▶ [WHAT YOU SHOULD DO]:
Write out, word for word, each line from the start of the entries through the one holding "Sans rancune - Thomas"; omit the pictures.

▶ [Short descriptive text snippets]:
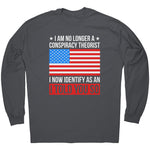 I Am No Longer A Conspiracy Theorist I Now Identify As An I Told You So -Apparel | Drunk America 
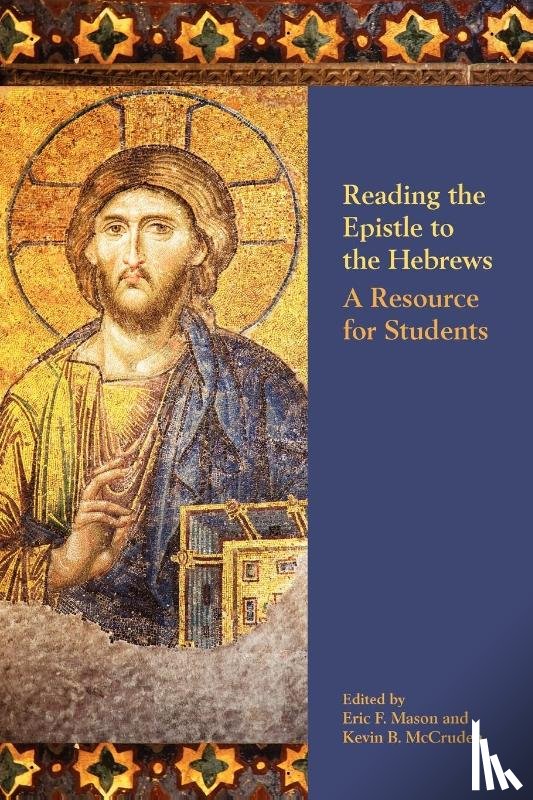  - Reading the Epistle to the Hebrews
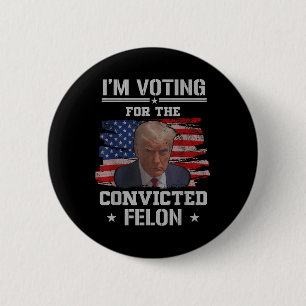 Im Voting For The Convicted Felon Funny Pro Trump 6 Cm Round Badge
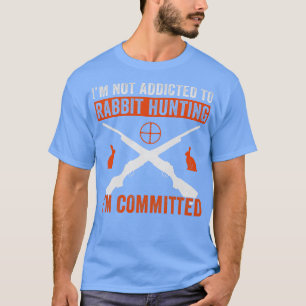 Camiseta Eu Estou Comprometido A Caça De Coelhos Engraçado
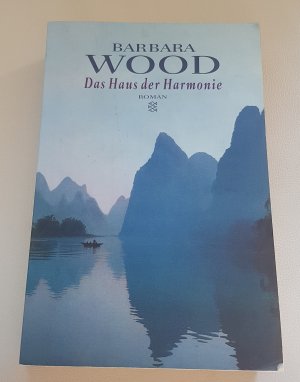 gebrauchtes Buch – Barbara Wood – 08- Das Haus der Harmonie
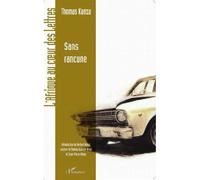 Sans rancune - Thomas Kanza - L'harmattan - broché - Roman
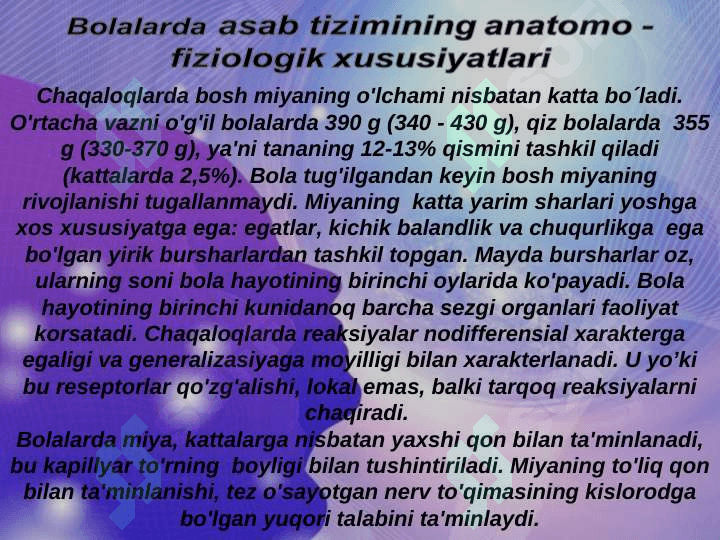 CHAQALOQLIK DAVRI FIZIOLOGIYASI. MOSLASHISH DAVRI XUSUSIYATLARI. YETUK TUG’ILGAN CHAQALOQLARNI PARVARISHLASH USULLARI 4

▶ [THE ANSWER]:
 I Am No Longer A Conspiracy Theorist I Now Identify As An I Told You So -Apparel | Drunk America 
  - Reading the Epistle to the Hebrews
 Im Voting For The Convicted Felon Funny Pro Trump 6 Cm Round Badge
 Camiseta Eu Estou Comprometido A Caça De Coelhos Engraçado
 gebrauchtes Buch – Barbara Wood – 08- Das Haus der Harmonie
 Sans rancune - Thomas Kanza - L'harmattan - broché - Roman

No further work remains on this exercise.